SYNTHESIS: To a well stirred solution of 1.64 g of
1-(N-(benzyloxycarbonyl)amino)-1,1-dimethyl-2-(3,4-methylenedioxyphenyl)ethane
(see under MDPH for its preparation) in 10 mL anhydrous THF there was
added a suspension of 0.38 g LAH in 25 mL THF. All was held at reflux
for 24 h, the excess hydride was destroyed by the addition of 1.5 mL
H2O, and sufficient aqueous NaOH was added to make the reaction
mixture basic and flocculant enough to be filterable. The inorganic
solids were removed by filtration and, following washing with THF, the
combined filtrate and washings were stripped of organic solvent under
vacuum. The residue was dissolved in 100 mL Et2O and washed with 2x50
mL saturated aqueous NaHCO3. After drying the organic phase with
anhydrous MgSO4, the solvent was removed under vacuum to give a yellow
oil. This was dissolved in 50 mL absolute EtOH and neutralized with
concentrated HCl. Removal of the solvent under vacuum yielded an
off-white solid that was recrystallized from an EtOH/EtOAc mixture to
provide 0.84 g of a,a,N-trimethyl-3,4-methylenedioxyphenethylamine
hydrochloride (MDMP) with a mp of 206-208 °C. The NMR spectrum showed
the a,a-dimethyl pair as a singlet at 1.38 ppm. Anal. (C12H18ClNO2)
C,H,N.
DOSAGE: above 110 mg.
DURATION: perhaps 6 hours.
QUALITATIVE COMMENTS: (with 60 mg) There was a faint, dull alerting
at just over a half hour. The time sense was out of order, and an
absence of visuals but a generalized attentiveness to my surroundings
was suggestive of MDMA. Nothing remained at the six hour point.
(with 110 mg) There was a light-headedness, and a complete absence of
libido. Nothing in any way psychedelic, but there are hints of
discomfort (jaw tension) that will bear close watching at higher
dosages.

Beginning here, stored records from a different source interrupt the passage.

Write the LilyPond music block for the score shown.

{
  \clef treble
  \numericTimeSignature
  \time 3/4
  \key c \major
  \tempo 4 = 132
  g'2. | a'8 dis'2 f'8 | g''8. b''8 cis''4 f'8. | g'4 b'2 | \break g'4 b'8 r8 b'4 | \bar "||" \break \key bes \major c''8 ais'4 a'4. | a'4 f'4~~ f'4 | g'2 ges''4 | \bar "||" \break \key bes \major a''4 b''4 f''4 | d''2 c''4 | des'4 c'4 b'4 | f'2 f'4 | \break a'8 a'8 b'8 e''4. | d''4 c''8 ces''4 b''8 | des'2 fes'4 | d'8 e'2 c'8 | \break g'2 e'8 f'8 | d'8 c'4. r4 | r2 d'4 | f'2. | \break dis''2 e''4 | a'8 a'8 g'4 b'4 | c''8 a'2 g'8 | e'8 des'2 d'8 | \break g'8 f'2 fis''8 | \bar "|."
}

It might evolve at higher levels into something like MDMA.
EXTENSIONS AND COMMENTARY: This is one of several candidates for
clinical use as a substitute for MDMA, but there will have to be a
much broader study of its qualitative action in man. It is clearly
not psychedelic at these modest levels, and in in vitro animal studies
it was apparently inactive as a serotonin releaser. The warped logic
for looking at phentermine analogs was discussed in the comments that
concerned MDPH. The initials used here have been chosen with care.
MDM should not be used as it has found some currency as an
abbreviation for MDMA (Methylene-Dioxy-Methamphetamine). MDMP fits
neatly with Methylene-Dioxy-Me-Phentermine.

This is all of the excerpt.